Pour vous donner un ordre de grandeur, les Etats Unis à eux seuls disposent de près de 2000 think tanks, idem pour l’Europe, tandis que toute l’Afrique réunie compte moins de 500 centres à ce jour. C’est un retard que nos Etats doivent rattraper et les plus hautes autorités de notre pays l’ont bien compris.

Dans tous les cas, les grandes mutations socio-politiques, économiques, culturelles ou environnementales imposent une certaine accélération des décisions. Celles-ci doivent être éclairées pour que l’action soit efficace. C’est dans cette perspective que le CNESS a été créé le 16 janvier 2015 par décret du Président de la République. Rattaché au Cabinet Civil du Président, ce centre a pour principale mission de mener, en relation avec les services et institutions concernés, des analyses et des études prospectives permanentes sur les enjeux stratégiques de la vie nationale et internationale. A ce titre, il a pour objectifs, entre autres, d’effectuer des études prospectives, de procéder à une évaluation globale des questions sécuritaires et stratégiques et de mener des réflexions dans le domaine des relations internationales, des questions de défense et de sécurité, leur évolution et leur implication sur le développement national.              

Comment comptez-vous atteindre ces objectifs ?

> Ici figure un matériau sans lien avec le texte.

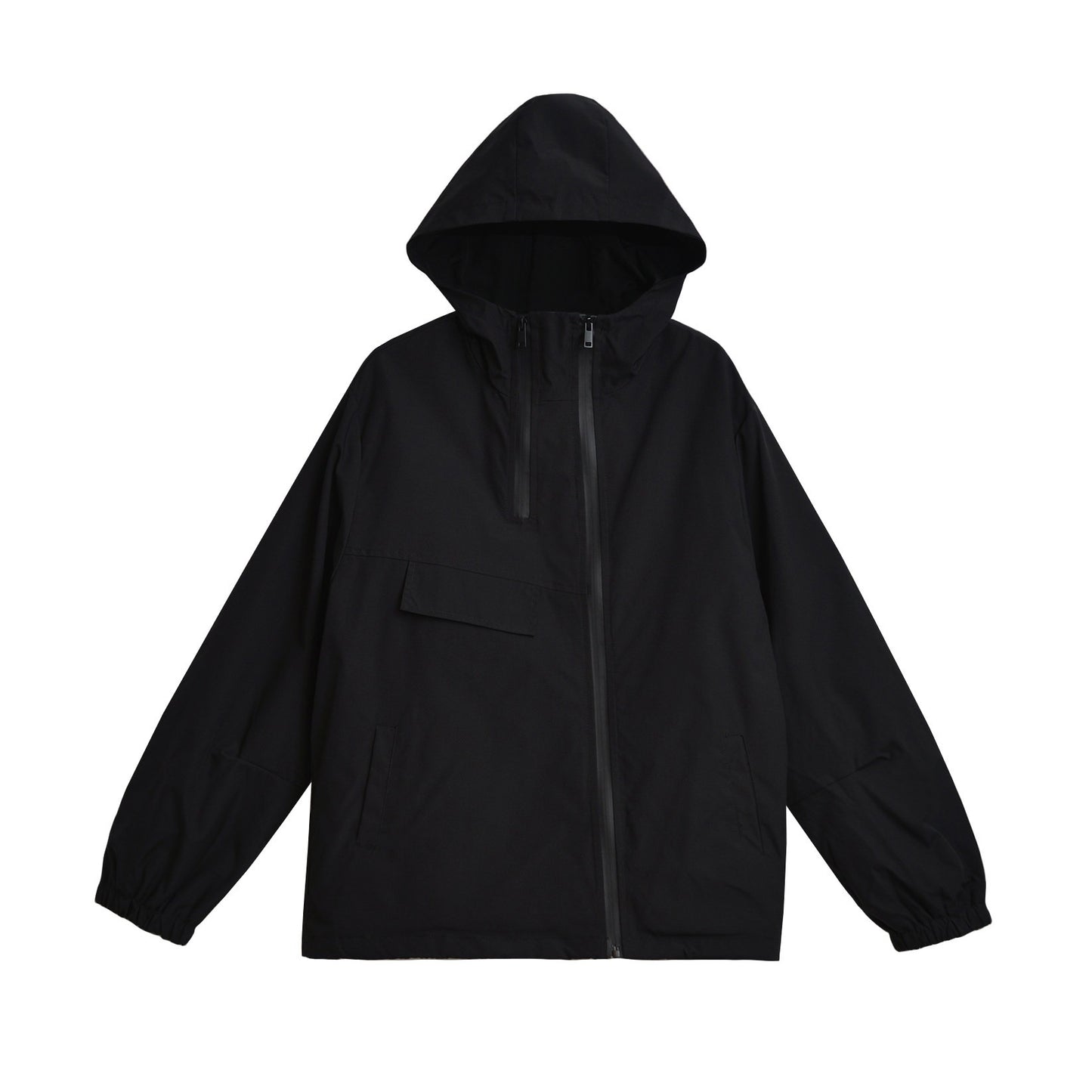 【アウター】アーバンアウトドア風 ブラック 山系 塩系 ゆったり 機能性 フード付き 春秋新作 ジャケット レディース【FCシリーズ】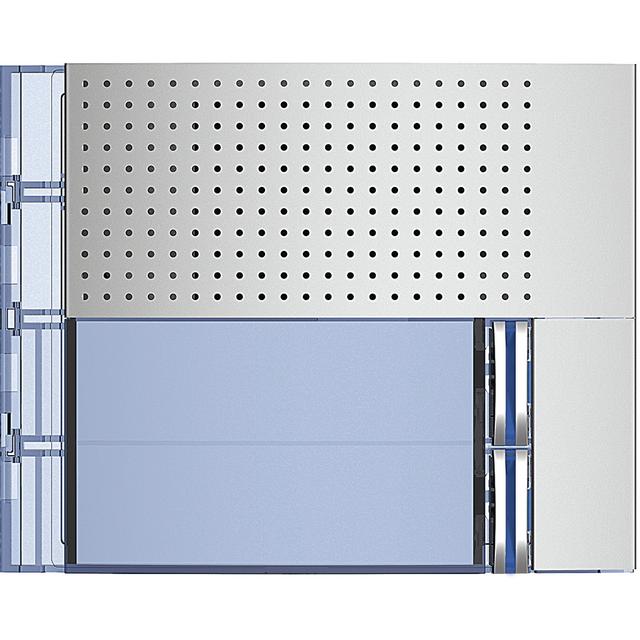 Sfera: Plakietka Modułu Fonicznego Podstawowego - 2 Przyciski - Aluminium 351021 LEGRAND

D’abord, il faut savoir qu’un tel Centre doit être constamment animé, produire beaucoup en matière de réflexion et beaucoup former également. L’animation, la production et la formation constituent en quelque sorte notre feuille de route qui a été élaborée, dans une première phase, sous forme d’un plan d’orientation stratégique pour une durée initiale de trois ans.

Ce plan a été validé le 9 mars dernier par le Conseil d’orientation du CNESS qui est son organe décisionnel. Avant de revenir à votre question, permettez-moi d’ouvrir une parenthèse pour expliquer en quelques mots le fonctionnement et l’organisation du CNESS.

Comme je le disais tantôt, il s’agit d’un Centre étatique rattaché au Cabinet Civil du Président de la République. Le ministre directeur de Cabinet en est l’autorité hiérarchique, il est également le président du Conseil d’Orientation qui comprend en outre : le ministre chargé des Affaires Etrangères ; le ministre chargé de l’Intérieur ; le ministre chargé de la Défense Nationale ; l’ensemble des recteurs des Universités publiques du Niger ; le directeur de cabinet du Premier ministre et le directeur de l’ENAM.

Le Conseil d’Orientation joue un rôle décisionnel, car c’est à lui de définir les orientations stratégiques du Centre et de valider les propositions de la Direction.

A côté de cet organe, nous avons aussi un Conseil Scientifique composé de 7 membres nommés pour un mandat de quatre ans. Ce conseil scientifique qui regroupe d’éminentes personnalités reconnues pour leurs compétences avérées, joue un rôle technique qui consiste, entre autres, à donner son avis sur les programmes scientifiques du Centre et évaluer la qualité scientifique de ses travaux. Ces deux organes se complètent et garantissent l’objectivité des activités du CNESS. Enfin, vous avez la Direction qui en est l’organe exécutif chargé de l’animation, de la coordination et de la mise en œuvre des programmes du Centre. Voici en résumé la structure du CNESS.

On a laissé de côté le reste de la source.